El camarero les llevó la ensalada y unos panecillos. Leon pidió otra copa de vino. Jessica empezó a picar, sin el menor apetito, los tomates y champiñones.

—Al principio creí que abortaría —dijo Leon—. No le exigí que lo hiciera, pero mencioné la opción en un par de ocasiones. Patricia no tenía previsto tener hijos tan joven, pero quería ser madre y pensó que un aborto podría afectar futuros embarazos. Así que decidió tener el bebé. Tim y Alexander me dijeron que debía casarme con ella, que era lo correcto. Así que nos casamos. El día de mi boda me levanté temprano y empecé a beber. Cuando Tim y Alexander pasaron a recogerme por casa ya estaba bastante borracho. Me metieron bajo la ducha y abrieron el chorro de agua fría, me dieron una aspirina, me hicieron el nudo de la corbata y me dieron caramelos para disimular el aliento a alcohol. Sólo así fui capaz de reunir el valor necesario para dar el sí-quiero sin balbucear. Evidentemente, Patricia notó que estaba un poco abotargado y lento de reflejos, pero aguantó el tipo todo el día. Sonrió, estuvo pendiente de todos los invitados y se comportó como la novia perfecta, hasta que nos quedamos solos. Entonces tuvimos una terrible discusión. Me habló con dureza y brusquedad, pero yo tenía demasiado alcohol en el cuerpo y un terrible dolor de cabeza, así que no di la talla. En un momento dado no pude soportarlo más y me largué. Cogí un taxi y fui a ver a Tim, que por entonces aún vivía solo. Alexander estaba con él, tomándose una copa y charlando un rato. Elena y la pequeña Ricarda ya se habían marchado a casa. Me uní a ellos y creo que… que lloré como un niño. Estaba desesperado. Sí —dijo, respirando hondo y evitando cruzar su mirada con la de Jessica—, así fue nuestra noche de bodas. Patricia sola en casa y yo con mis mejores amigos, primero llorando y después bebiendo. Retomé la borrachera donde la había dejado aquella mañana, y al final los tres acabamos como cubas, diciendo tonterías y riendo como idiotas…

Por fin se atrevió a mirar a Jessica. Ella descubrió una mirada en la que sólo había desesperación, vacío, desconsuelo, y la convicción de que nada se arreglaría ni mejoraría jamás.

—Estaba muerto de miedo. Acababa de casarme y estaba a punto de ser padre, y eso justo en el momento en que más quería (y necesitaba) sentirme libre como el viento. Tenía la sensación de haber caído en una trampa de la que ya no escaparía. Y aquella noche salió a relucir el tema de Stanbury.

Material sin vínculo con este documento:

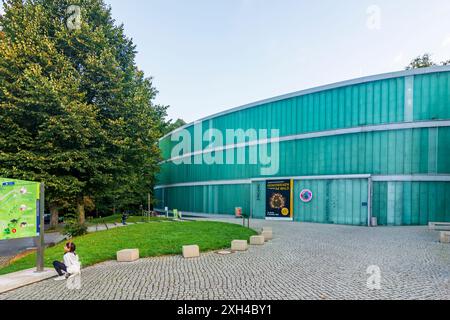 Mettmann: Neanderthal Museum, valley Neandertal in Düsseldorf und Neanderland, Nordrhein-Westfalen, North Rhine-Westphalia, Germany Stock Photo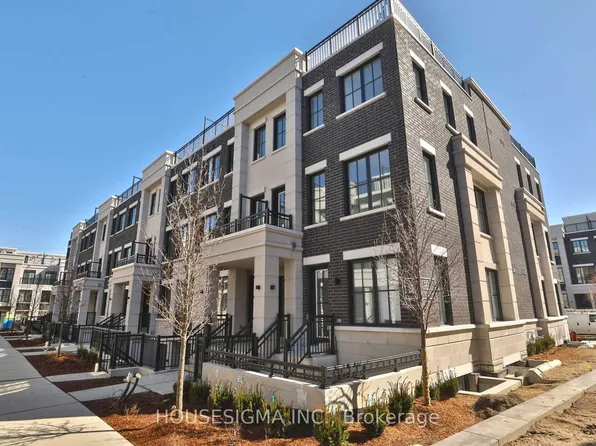 657 Cricklewood Dr #502, Mississauga, ON L5G 0B8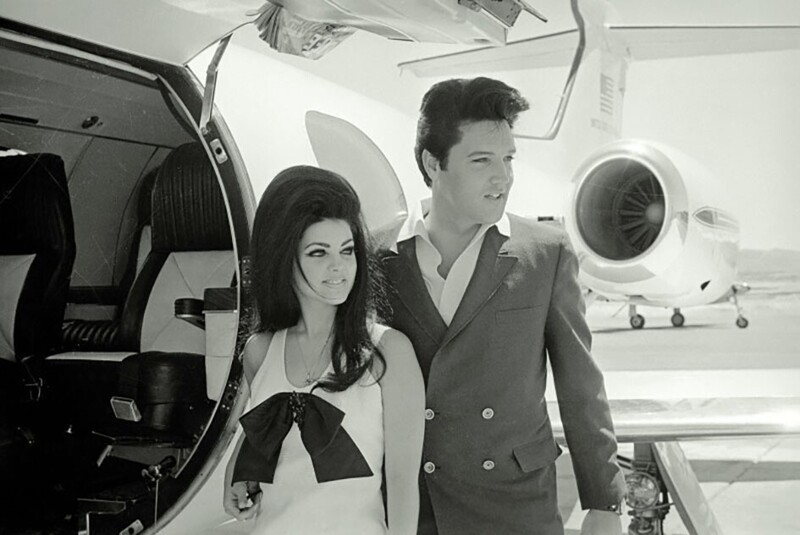 Молодожены Присцилла и Элвис Пресли в 1967 году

—¿El tema de Stanbury? —repitió Jessica.

Leon esbozó de nuevo aquella sonrisa torcida y respondió:

—Sí. Ya te he dicho que estábamos borrachos y no dejábamos de decir tonterías. Ellos intentaban consolarme. A Tim se le ocurrió hacer una lista y escribir todo lo bueno que tenía mi nueva situación. A mí no se me ocurrió qué podía tener de bueno, y a ellos tampoco, pero de pronto Alexander mencionó Stanbury, y Tim y él empezaron a hablar de la casa sin parar. Por aquella época Kevin McGowan estaba ya enfermo de cáncer y todo parecía indicar que Stanbury pasaría a manos de Patricia en un futuro muy cercano. Así que ambos llegaron a la conclusión de que, en cierto modo, me había casado con una joven de la nobleza rural inglesa, poseedora de una mansión y unos terrenos envidiables. Que había pasado a formar parte de la alta sociedad británica y que pronto acabaría siendo vecino de la reina de Inglaterra. Dijimos infinidad de tonterías, pero poco a poco fuimos entusiasmándonos con la idea de Stanbury. Aquella noche decidimos que cuando Patricia recibiera su herencia nos iríamos todos a pasar allí las vacaciones. Stanbury pasaría a ser nuestro Stanbury. De Tim, Alexander y mío. Sería el lugar donde nos reuniríamos y olvidaríamos nuestros problemas cotidianos, donde podríamos ser nosotros mismos. El lugar que sellaría aún más nuestra amistad. Así pues, entre la borrachera y el cansancio, pensé que al fin y al cabo todo iba a salir bien. Por la mañana volví a casa y pensé que podría aguantarlo todo gracias a la existencia de Stanbury House. —Meneó tristemente la cabeza al recordarlo—. Yo nunca amé a Patricia. Ni entonces ni después. Sólo amé Stanbury, y eso fue lo que me dio fuerzas para soportar mi situación.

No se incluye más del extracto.